═══ Material provided

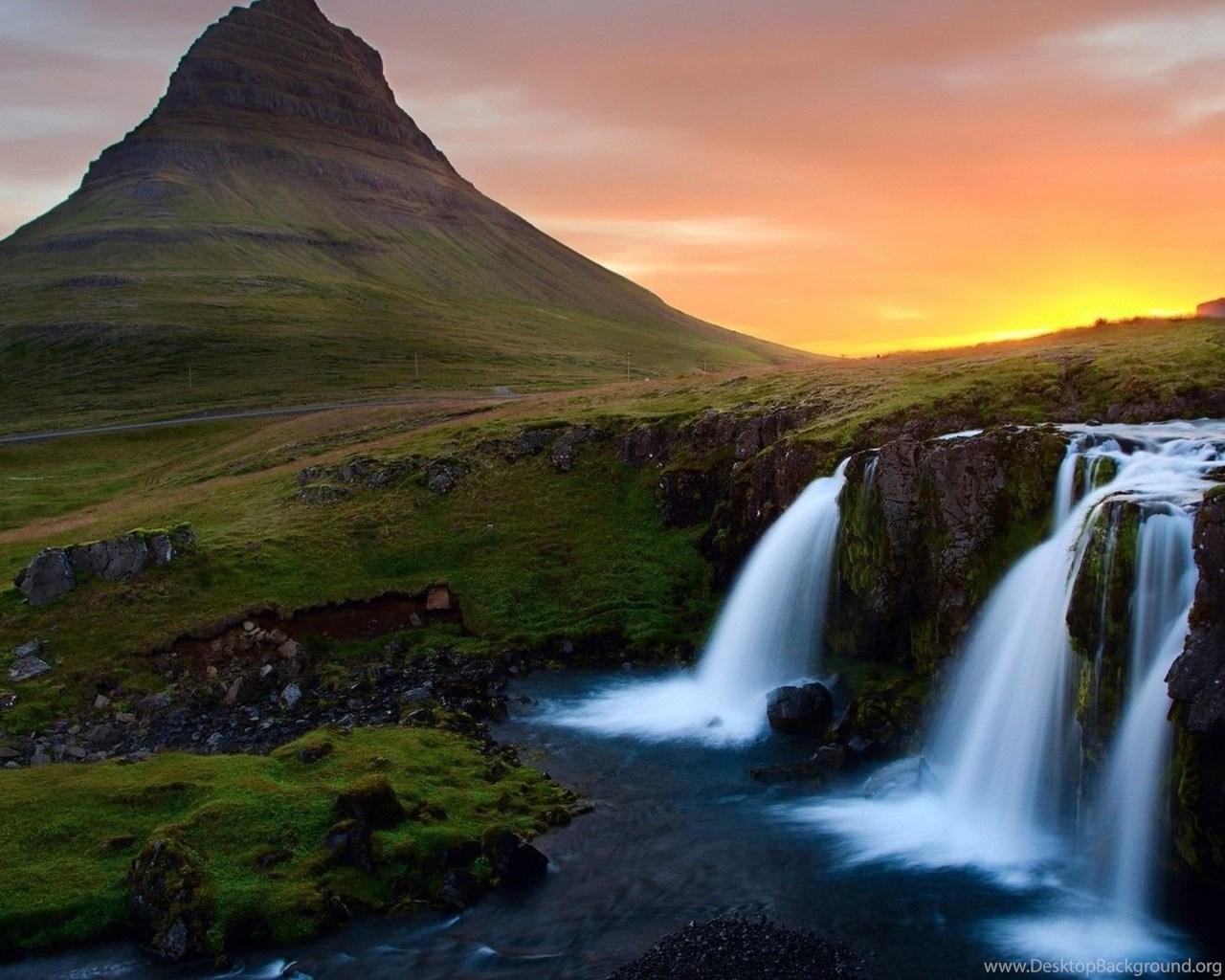 1280x1024 Mountain Waterfall Wallpaper Nature Wallpaper Desktop Background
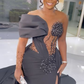 Grey Mermaid African Prom Dress Evening Dress Y6096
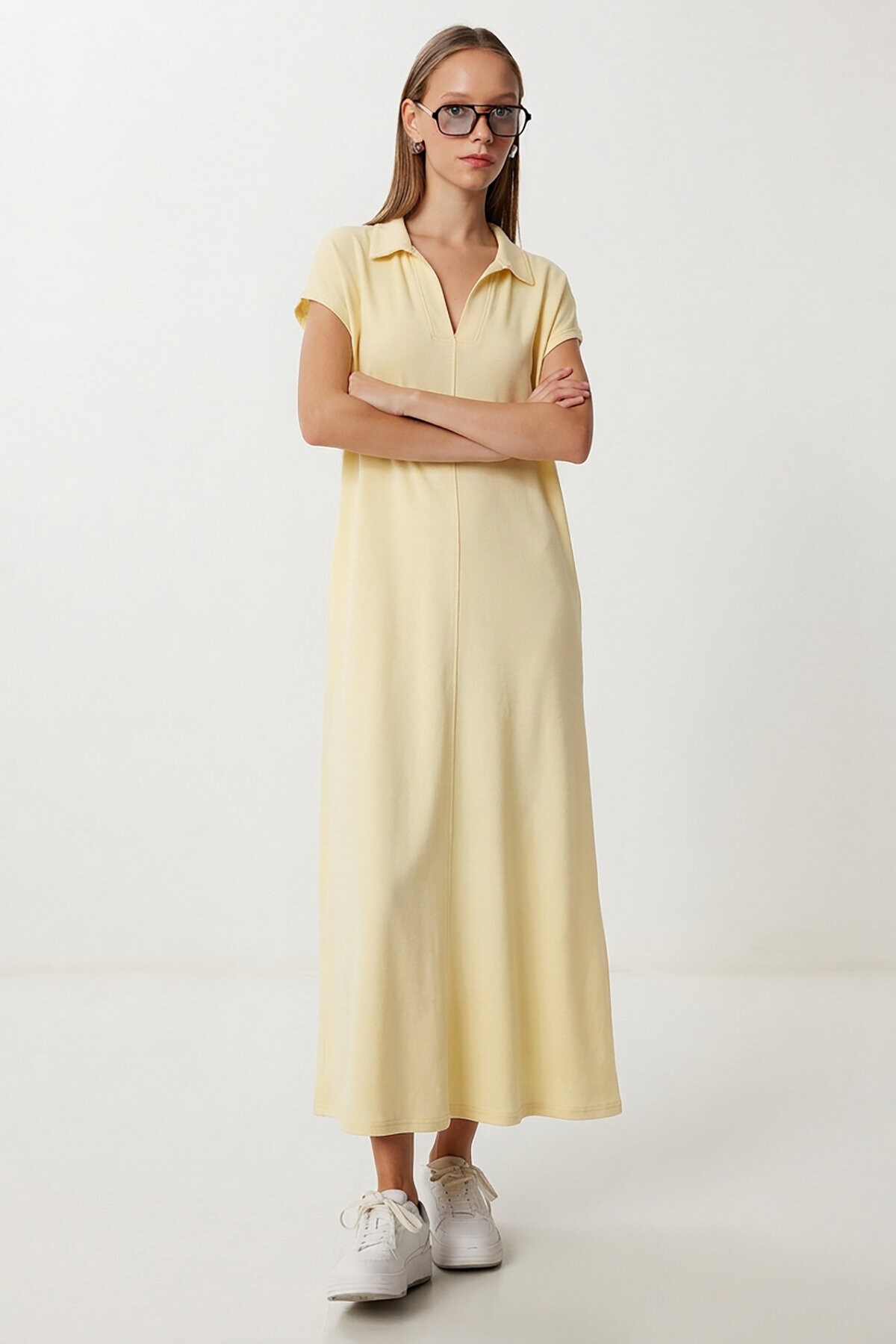 Polo Yaka Cepli Örme Elbise SARI LDZ0038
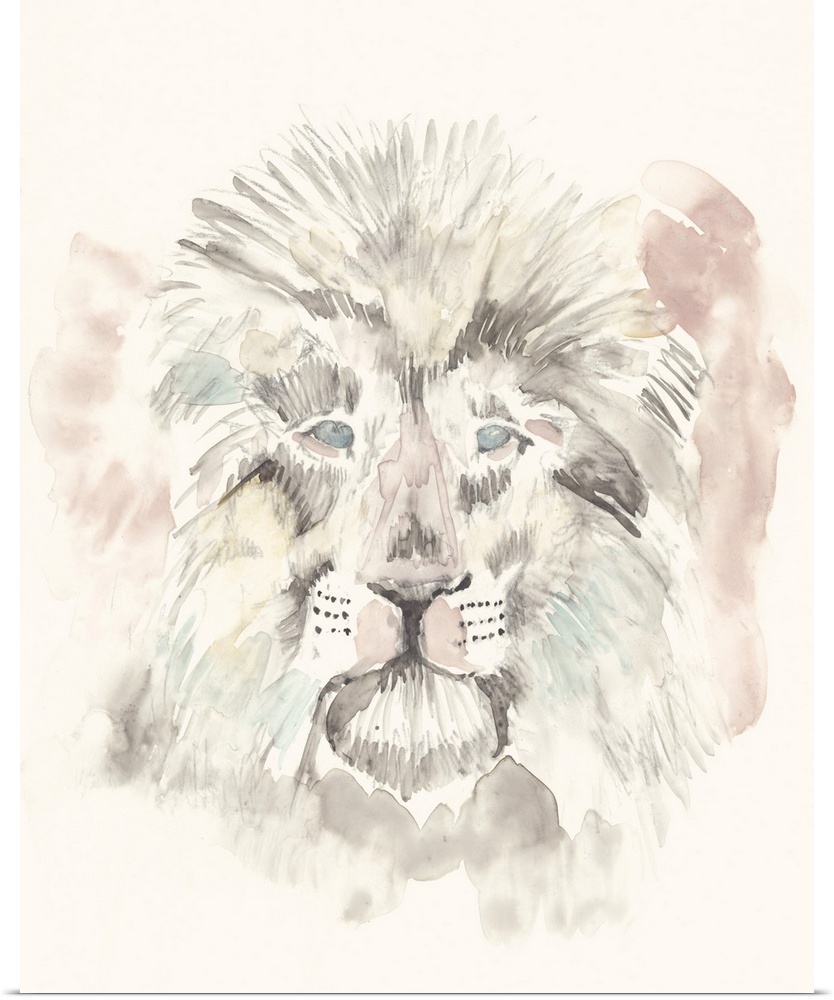 Contemporary abstract painting of a lion in soft pastel hues.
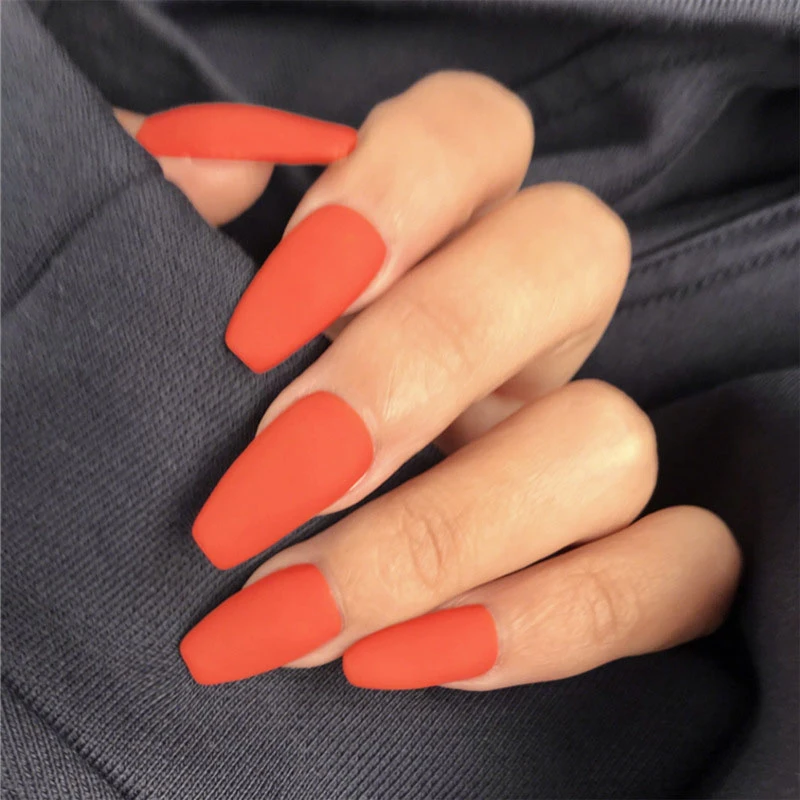 24 Pcs Matte False Nails Full Cover Acrylic Orange Color Long Square Head Europe And The United States Press On Nails With Glue False Nails Aliexpress 24 Pcs Matte False Nails Full Cover Acrylic Orange Color Long Square Head Europe And The United States Press On Nails With Glue False Nails Aliexpress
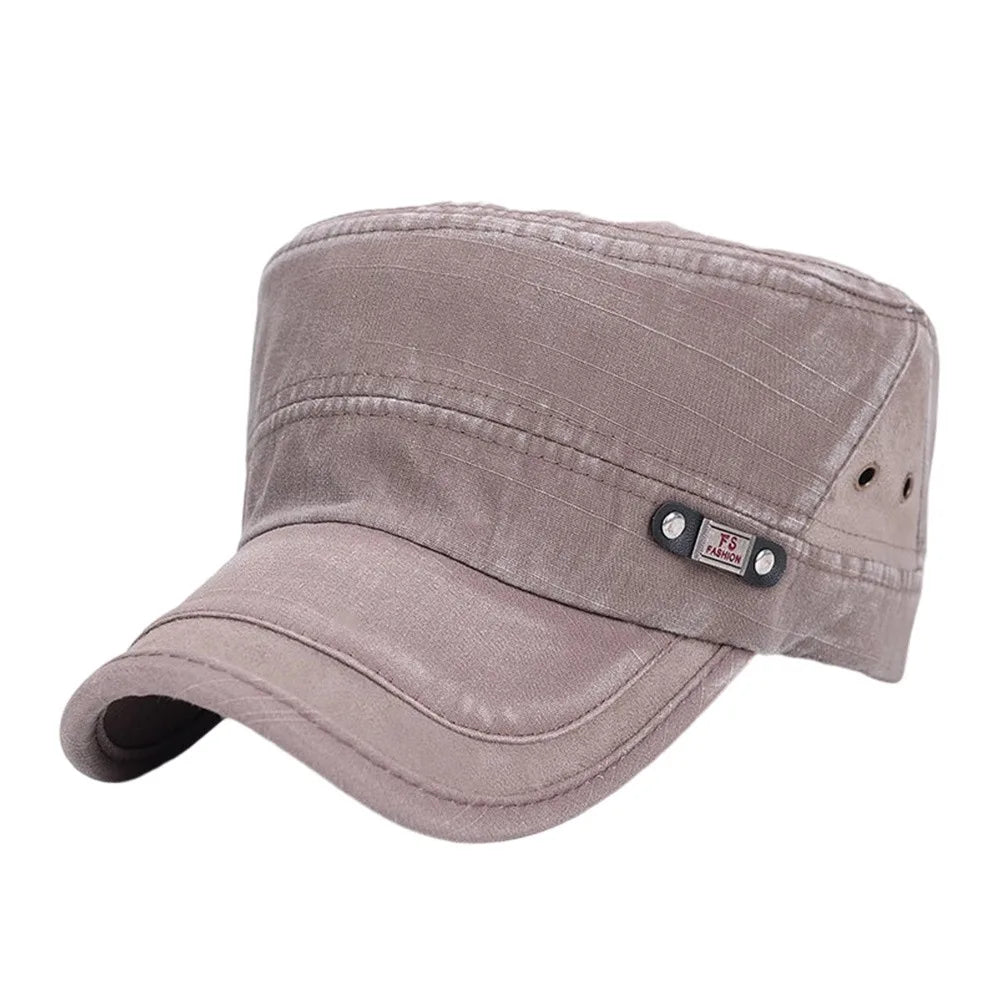 Retro Flat Top Cotton Sun Hat – UV Protection, Unisex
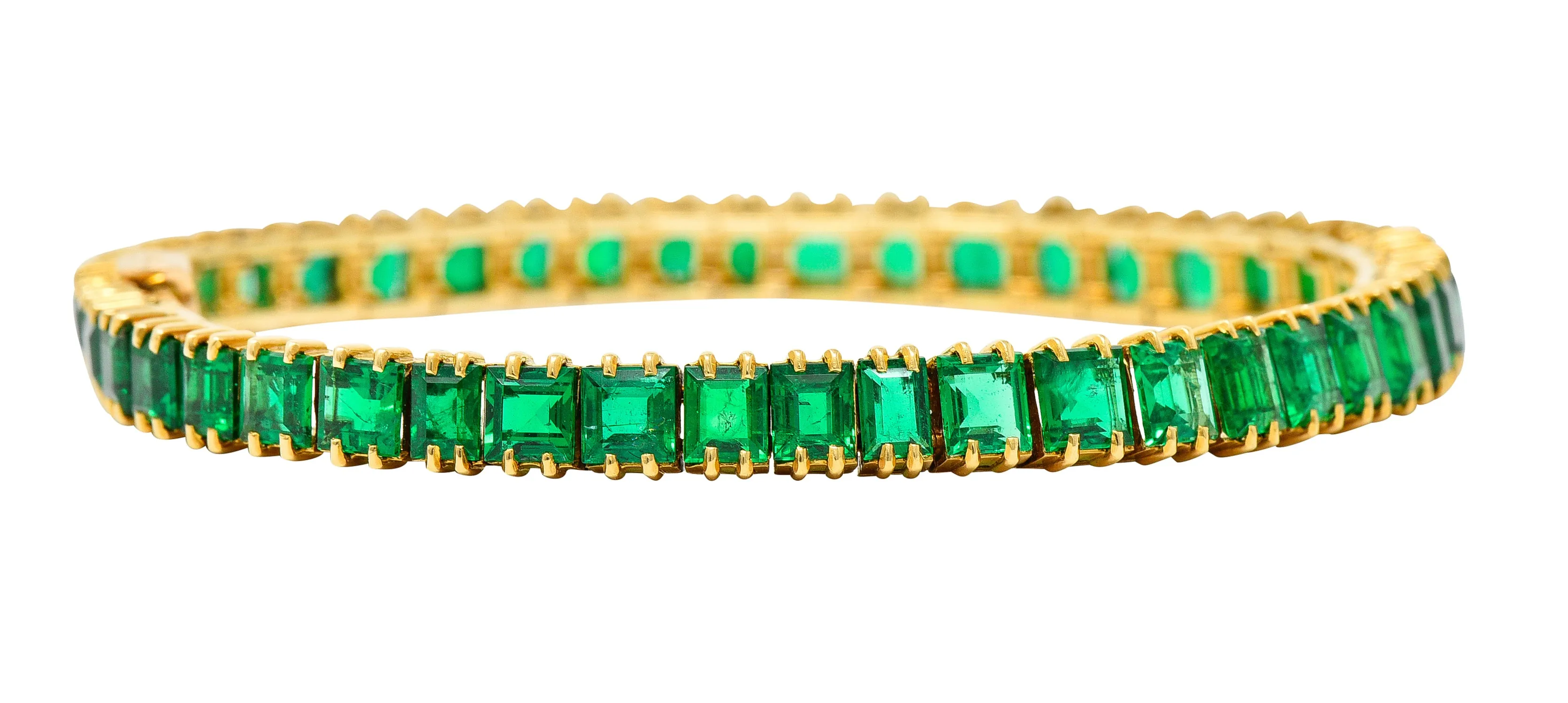 Boucheron Paris 12.50 CTW Emerald 18 Karat Yellow Gold Gemstone Line Bracelet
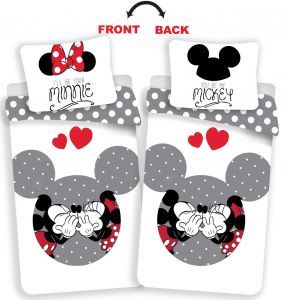 Obľúbené detské bavlnené obliečky so známym motívom Mickey a Minnie, | 140x200, 70x90 cm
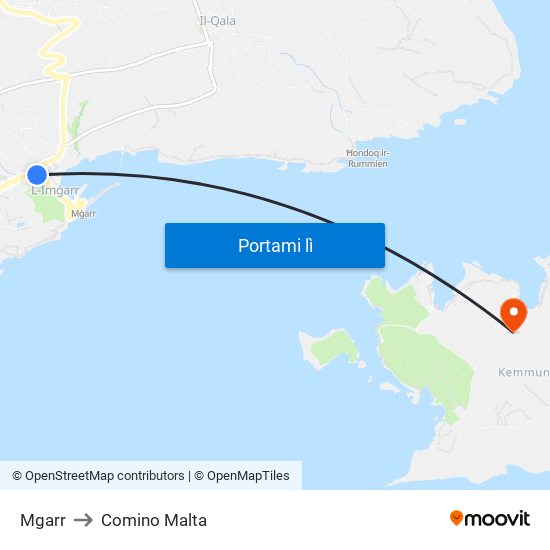 Mgarr to Comino Malta map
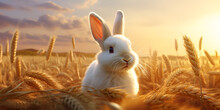 Beautiful Little Domestic White Rabbit Among The Grass And Wildflowers At Sunset,,
Graceful Bunny At Sunset: Meadow Exploration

══════

▶ _Exercise_
Copy exactly, and copy nothing else: the lines from the start of the data above through the line that holds "Contemporary abstract painting". The pictures stay out.

▶ _Problem solution_
 1280x1024 Mountain Waterfall Wallpaper Nature Wallpaper Desktop Background
 Grey Mermaid African Prom Dress Evening Dress Y6096
 Polo Yaka Cepli Örme Elbise SARI LDZ0038
 Contemporary abstract painting of a lion in soft pastel hues.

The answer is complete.